Howard, why is that?
Well, because this is actually an intelligence gathering bunker somewhere in LA.
It's a it's sort of a m it's a it's a moderate level of security.
It's only actually only a level two security facility.
If it were level three, it'd be a lot more difficult to get through.
Yeah.
But uh, you know, so I don't think it's that unusual.
The Pentagon leaks all day long to the New York Times.
The uh the State Department leaks all day to the Washington Post.
I mean, there's nothing's secure.
We can't secure the porch, we can't secure the Southern Border.
We can't secure CTU.
And you know what?
Even more importantly, if the if they if if CT were secure, we wouldn't have an episode.
There you go.
That's the answer.
That's the end.
Dave in Chicago, you're out with Joel Cerno and Howard Gordon of twenty-four.
Good afternoon, guys.
Listen, I love the show.
I wanted to ask real quick.
Whenever one of the major characters dies, the clock at the end is silent.

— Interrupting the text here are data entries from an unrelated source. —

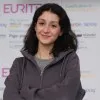 Zöhre Ikbal Kaya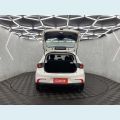 FIAT ARGO 1.0 FLEX MANUAL 4P - BRANCO - 2021 Foto 8 (Miniatura)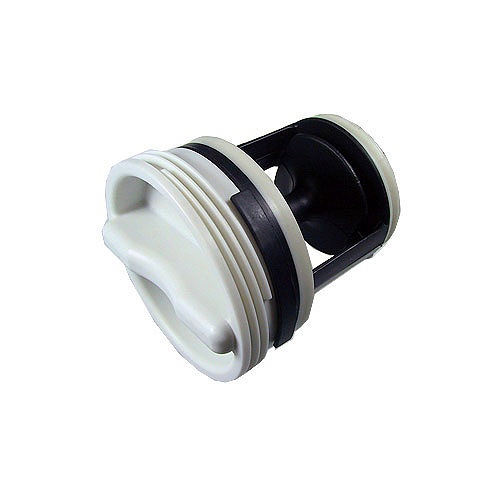 Čerpadlo filtra Automatická práčka Candy Hoover 41021233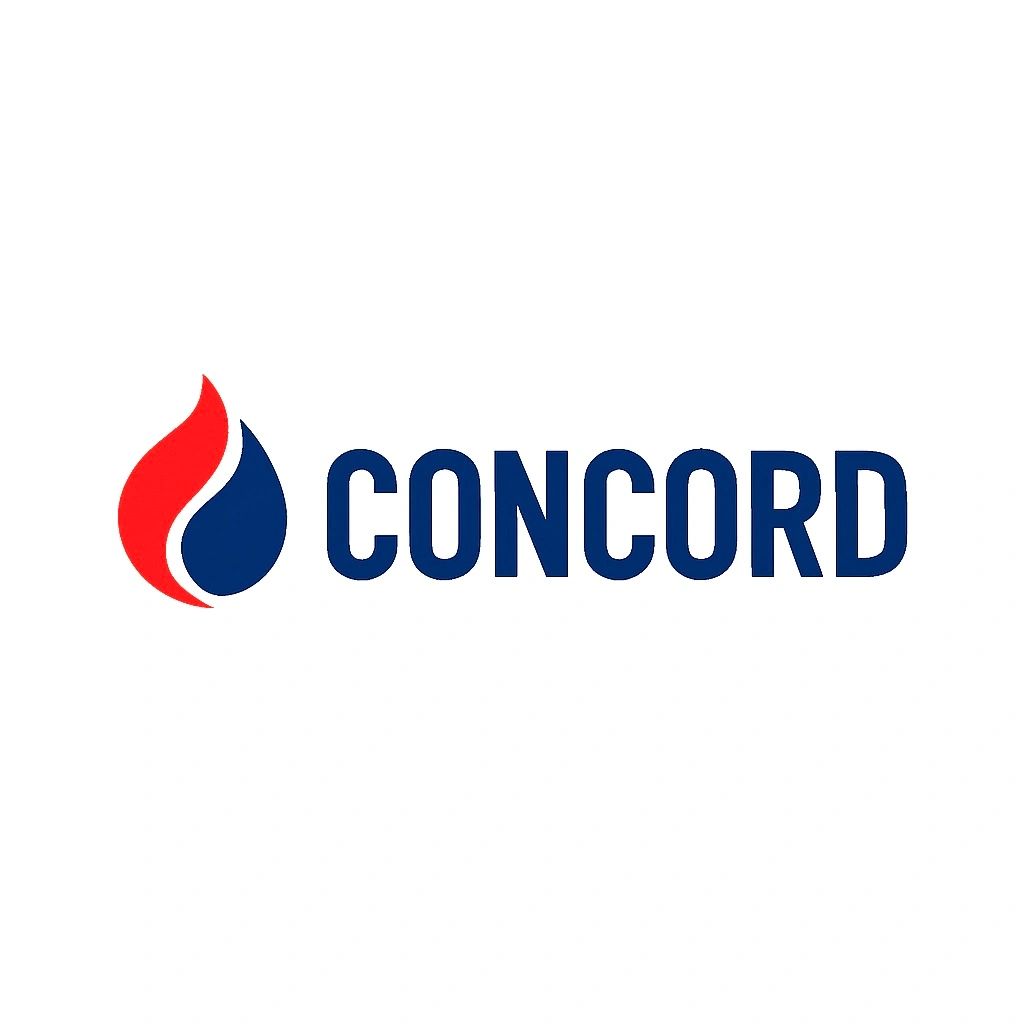 Photograph for Concord Plumbing & Heating, Construction business in Manchester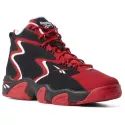 Basket Reebok MOBIUS OG MU - Ref. CN7905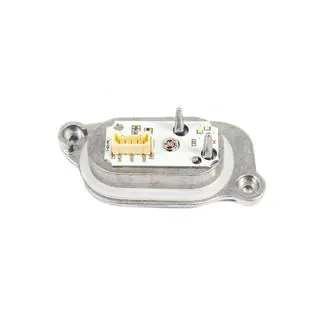 LED Headlight Module 8V0998474 (1 pc, right) Audi A3 2012-2020 photo 3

And I just think that's beautifully effective.
And I wanted to know who came up with that idea.
Uh that idea actually came uh to us from one of our editors at the end of uh I think it was the show in season three where Jack had to kill Ryan Chappelle in cold blood uh as as part of a part of a deal that he they were making with the head terrorists in that season, and it was such a powerful episode, and the show ended with Jack killing Chappelle, who was uh uh a federal uh federal worker.
Uh and the show went to black and he did not have the clink clink link at the end, and it was just so powerful we thought we would use it, and it it's sort of become a a staple of the show.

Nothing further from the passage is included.